OpenLineage
SQE emits OpenLineage 2-0-2 events for queries that mutate data: INSERT, CTAS, MERGE, UPDATE, DELETE, plus DDL on tables. SELECT events are off by default and can be enabled per environment.
Use these events to drive a lineage UI (Marquez, DataHub) or to feed a metadata catalog. Off by default. Zero hot-path overhead when disabled.
What gets emitted
| Statement | Emits? | Inputs | Outputs |
|---|---|---|---|
| SELECT | only if emit_selects = true | yes | none |
| INSERT, CTAS, MERGE | always | yes | yes |
| UPDATE, DELETE | always | yes | yes |
| CREATE TABLE, ALTER, DROP | always | none | yes (with schema facet) |
| OPTIMIZE, VACUUM, REWRITE_MANIFESTS | never | n/a | n/a |
Each query produces two events: a START at submit time and a COMPLETE on success or FAIL on error.
Configuration
[metrics.openlineage]
enabled = true
job_namespace = "sqe-prod" # per-env
# at least one sink required
file_path = "/var/log/sqe/lineage.jsonl"
http_endpoint = "https://marquez.example.com/api/v1/lineage"
# HTTP transport
auth_mode = "bearer" # "none" | "bearer" | "user_token"
api_key = "..." # required when auth_mode = "bearer"
http_timeout_ms = 5000
http_retry_attempts = 1
# disk spool fallback (recommended when HTTP is configured)
spool_path = "/var/spool/sqe-ol"
spool_max_bytes = 104857600
replay_interval_secs = 30
# back-pressure (rarely needs tuning)
channel_capacity = 10000
emit_selects = false
Every TOML key has an SQE_METRICS__OPENLINEAGE__* env override.
Sink choice
Pick one or both:
- File sink: append-only JSONL at
file_path. Use for SIEM ingestion, debug, or local development. - HTTP sink: POST to an OL collector. Use for Marquez/DataHub. Add a
spool_pathso a collector outage does not lose events.
When both are set, every event goes to both.
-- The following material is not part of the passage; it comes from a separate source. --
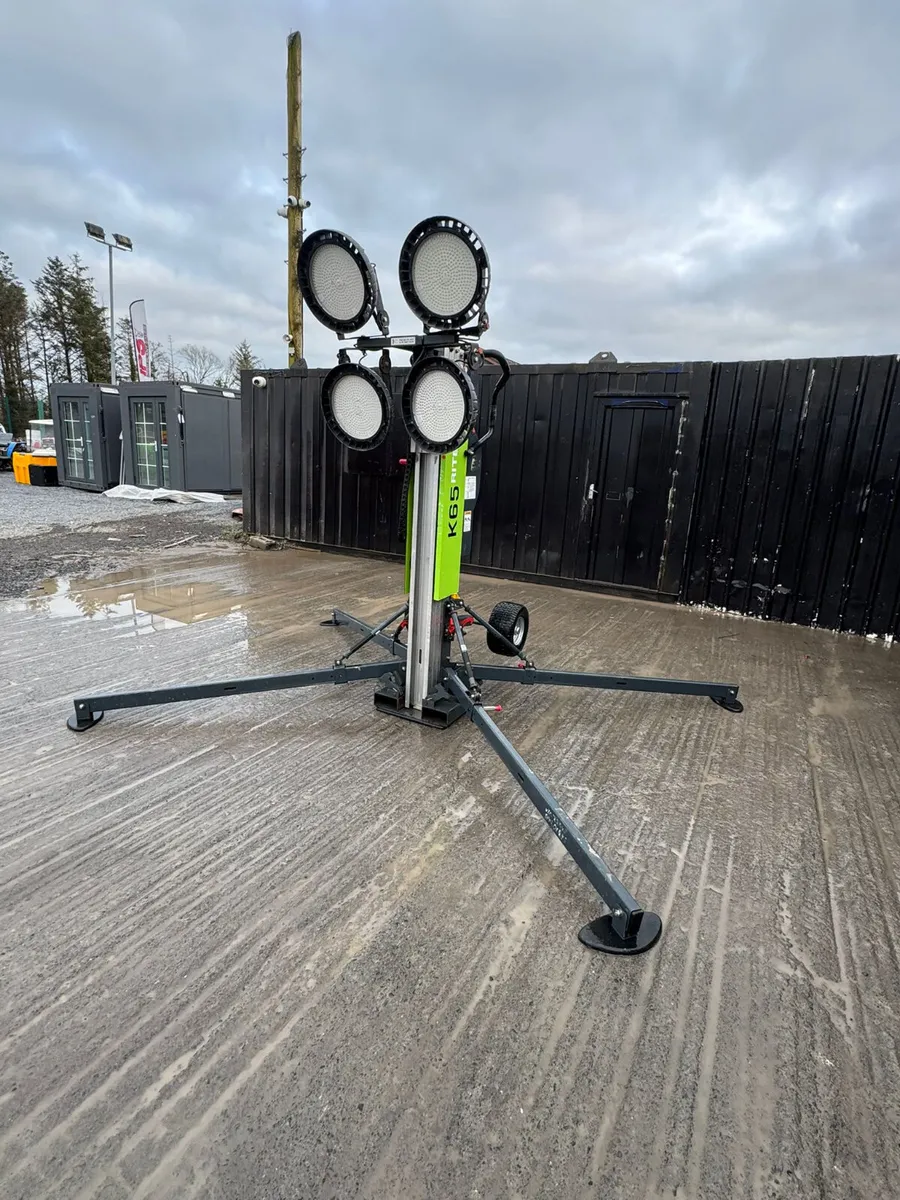 110V Extendable Ground Light – Site Lighting Tower - Image 2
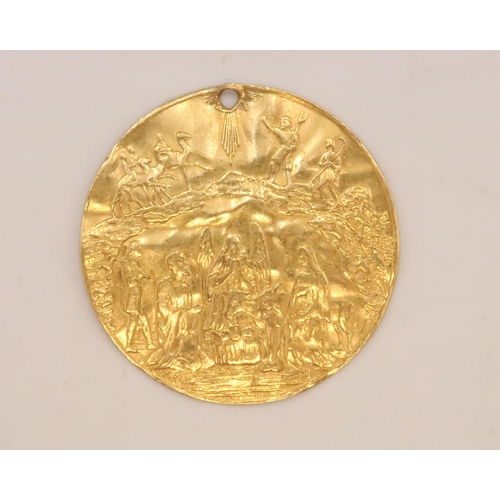 112 - A 22ct Gold Tested Gold Medallion. Obverse depicts a nativity scene with the reverse showing the bap...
Failures on one sink do not block the other.
Marquez quickstart
docker run -p 5000:5000 -p 5001:5001 marquezproject/marquez
In sqe.toml:
[metrics.openlineage]
enabled = true
http_endpoint = "http://localhost:5000/api/v1/lineage"
auth_mode = "none"
Restart SQE. Run a query. Browse Marquez at http://localhost:3000.
DataHub quickstart
DataHub’s OL receiver expects a bearer token:
[metrics.openlineage]
enabled = true
http_endpoint = "https://datahub.example.com/openapi/openlineage/api/v1/lineage"
auth_mode = "bearer"
api_key = "${DATAHUB_TOKEN}"
spool_path = "/var/spool/sqe-ol"
Troubleshooting
No events appear in Marquez or DataHub. Check enabled = true and that at least one sink is configured. Validation is enforced at startup; the server refuses to start with a misconfigured block.
Spool directory grows. The collector is unreachable. SQE buffers up to spool_max_bytes then drops newest events. Inspect /var/spool/sqe-ol/spool.jsonl*. Restore the collector and the replay loop drains within replay_interval_secs.
sqe_lineage_dropped_events_total counter increments. The bounded mpsc channel was full. Increase channel_capacity or investigate why the emitter is slow (collector too slow? HTTP timeouts?).
sqe_lineage_sink_errors_total{sink="http"} increments. Same: collector unreachable. With spool_path configured, events still reach disk.
v1 limitations
- No mTLS to the collector. Bearer auth only.
auth_mode = "user_token"(forwarding the user’s OIDC bearer per event) is wired but currently falls back to the staticapi_keyin v1; full per-event token forwarding is a follow-up.- Maintenance procedures (OPTIMIZE, VACUUM, REWRITE_MANIFESTS) are never emitted.
- MERGE column-level lineage is emitted at the dataset level; per-branch annotations (MERGE_INSERT vs MERGE_UPDATE) are deferred until DataFusion exposes a Merge LogicalPlan node.
- DDL paths (CREATE TABLE, DROP, etc.) emit events with
plan = None. The dataset target is captured but column lineage is empty for DDL. - Embedded CLI (
sqe-cliad-hoc mode) does not emit lineage. Production server (sqe-server) is the only emit path.